Francesca se lo imaginaba como en ciertas series de televisión. Tumbado en una camilla en el quirófano con muchas luces redondas a su alrededor. Y se apasionaba. Pasaban las horas y ella se imaginaba con todo detalle cuántas cosas podría hacer si su padre moría. Concursos de modelos. Roma, Cinecittà, un programa de éxito. Anna la vería por la pantalla de la televisión. Y ya no era capaz de quedarse quieta. No era capaz de quedarse sentada. Hasta que Anna comprendiera que no podían vivir separadas y dejara a su novio. Sólo tú y yo, le diría.

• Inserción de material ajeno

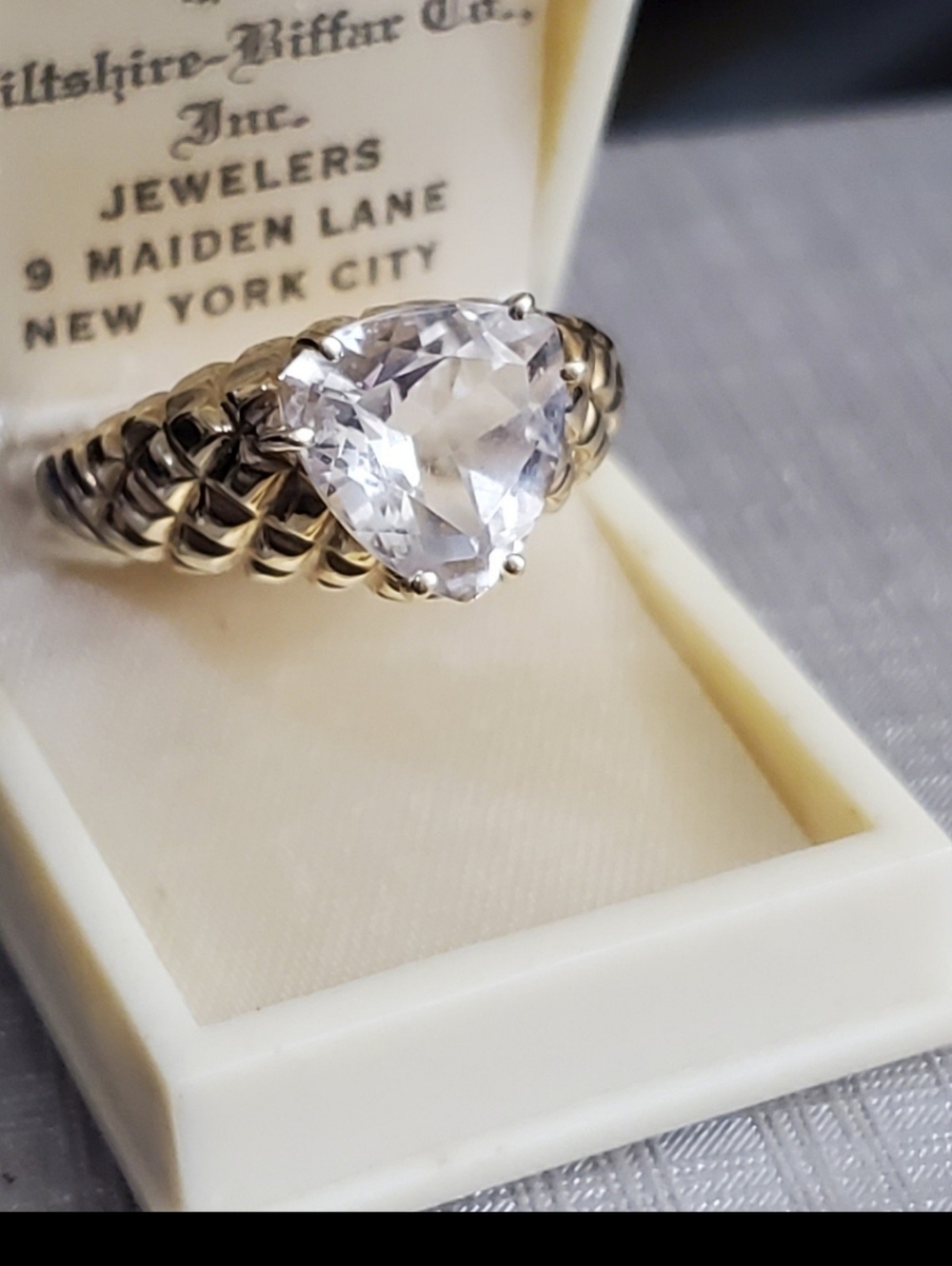 10k trillion quartz ring size 9. Can be resized by a jeweler. Stamped 10k genuin - Picture 2 of 11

Bum: ya no existe. En ningún lugar de la tierra, en ningún momento del tiempo. Te despiertas por la mañana y sabes que él ya no existe. Francesca iba y venía por el pasillo, reteniendo con dificultad la luz, el ansia, el deseo. Hasta que el médico salió y dijo:
—Hemos tenido que amputarle un dedo.
Pasaron la noche en el hospital. El lirio de agua seguía en el rellano. El tallo, ya sometido a prueba por el viento y la lluvia, se había curvado hasta doblarse sobre sí mismo. Pasarán otra noche en el hospital sin volver a casa ni siquiera para coger las cosas esenciales. El lirio de agua se marchitaba rápidamente, su pétalo cóncavo se apoyaba en el borde del tiesto, el cono oblongo de polen se ennegrecía. Pasaron una tercera noche en el hospital, sin lavarse ni los dientes ni las axilas. El lirio de agua no aguantaba el peso del polvo ni de las horas. A la mañana siguiente, fue recogido por el personal de limpieza y arrojado al saco negro.